Ya volábamos sobre el Valle y entre las nubes se veía el camino rojo construido por los norvietnamitas que se había convertido en la principal ruta de infiltración desde la senda Ho Chi Minh hacia las ciudades del norte de Vietnam del Sur. Bruscamente, y zumbando a toda velocidad, rozando la copa de arbustos y cerros. “A esta altura les resulta más difícil acertarnos”, murmuró un soldado, que rezaba con los ojos entrecerrados, mientras los dos artilleros ametrallaban los bultos sospechosos sin dejar de masticar chicle, cosa que parecían hacer al compás. Manchas negras, de las que sobresalía la cruz de las paletas, marcaban el lugar donde había caído y se había incendiado un helicóptero. “Tienen cañones de 35 mm. Nos derribaron más de 30″.

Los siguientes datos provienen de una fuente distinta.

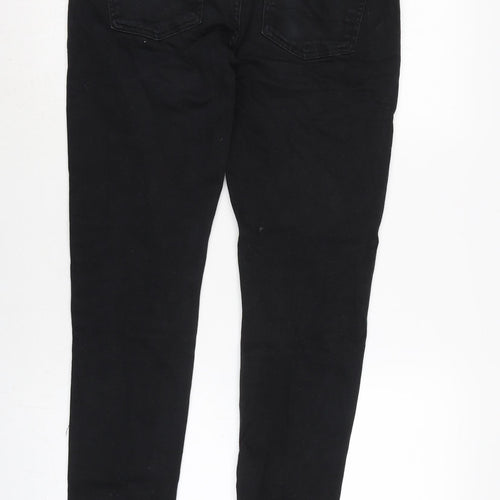 Denim & Co. Mens Black Cotton Blend Skinny Jeans Size 34 in L31 in Regular Zip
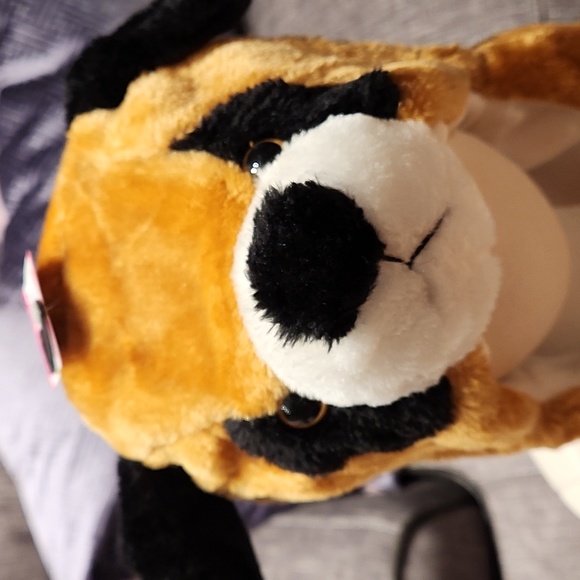 KIDS NEW FASHION ANIMAL HAT DOG BROWN AND BLACK SIZE FITS ALL INSULATED. - Picture 5 of 7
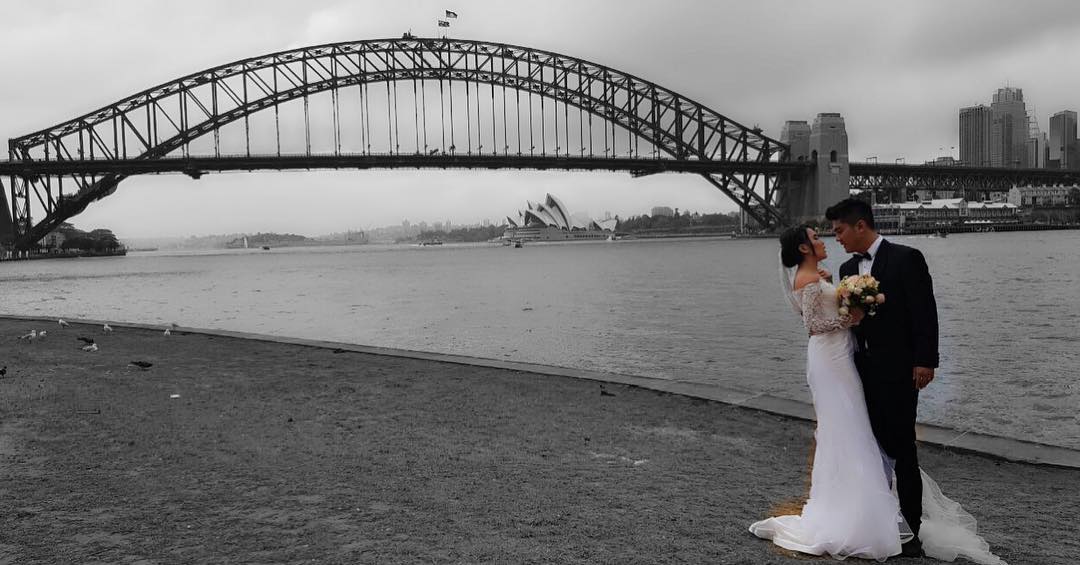 Ayu Ting Ting dan Boy William ketika syuting di Sydney. (Instagram @ivan_gunawan)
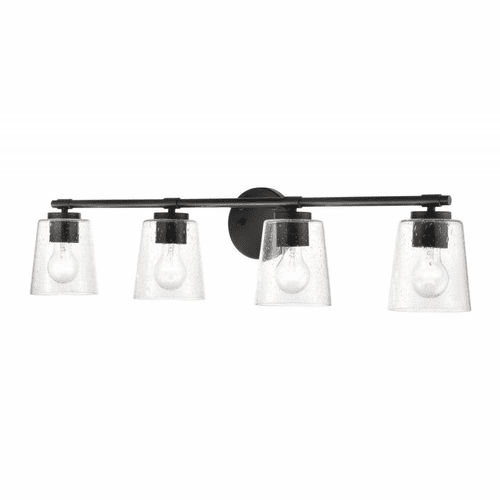 Millennium 4-LT Bath Vanity Light - Matte Black - 8114-MB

Siguiendo el camino rojo vimos desde el aire los camiones y las máquinas topadoras rusas que el ataque sorpresivo permitió capturar intactos. Y, por rachas, hileras de profundos cráteres que daban al fondo del valle un aspecto lunar. “Son las 30 toneladas de bombas de cada B-52. Ya las oirá de noche. Es el arma del terror”. El helicóptero nos dejó en el borde de una montaña donde se podían ver sus efectos. En kilómetros cuadrados no había quedado un árbol vivo ni un trozo de roca sin remover. Cráteres de 15 metros de circunferencia marcaban los lugares del impacto.

Difícil dar un paso sin pisar un trozo de hierro de las grandes bombas o de los recipientes de napalm. Desde más allá de la zona muerta se oían gritos de pájaros y monos. Desnudos hasta la cintura, los soldados cavaban trincheras para pasar la noche y luego las cubrían con maderas y bolsas llenas de tierra. “Al otro puesto lo atacaron con cohetes y morteros”. Casi intermitentemente el valle retumbaba con la artillería, por suerte amiga, buscando las posiciones norvietnamitas. Con árboles en el borde de la montaña y plantíos de maíz, mandioca y bananas en la vega, haciendo abstracción de ruidos, el valle recortaba un paisaje idílico. “Creo que una vez que termine la guerra vendré a pasar unas vacaciones aquí”, prometió el Tte. Fred Steinberg. Y el jefe de la compañía, Michael Sprayberry, me propuso: “mañana vamos hacia Laos. Hoy perdimos cuatro hombres y hubo 12 heridos. ¿Nos acompaña?” Acepté, era un desafío.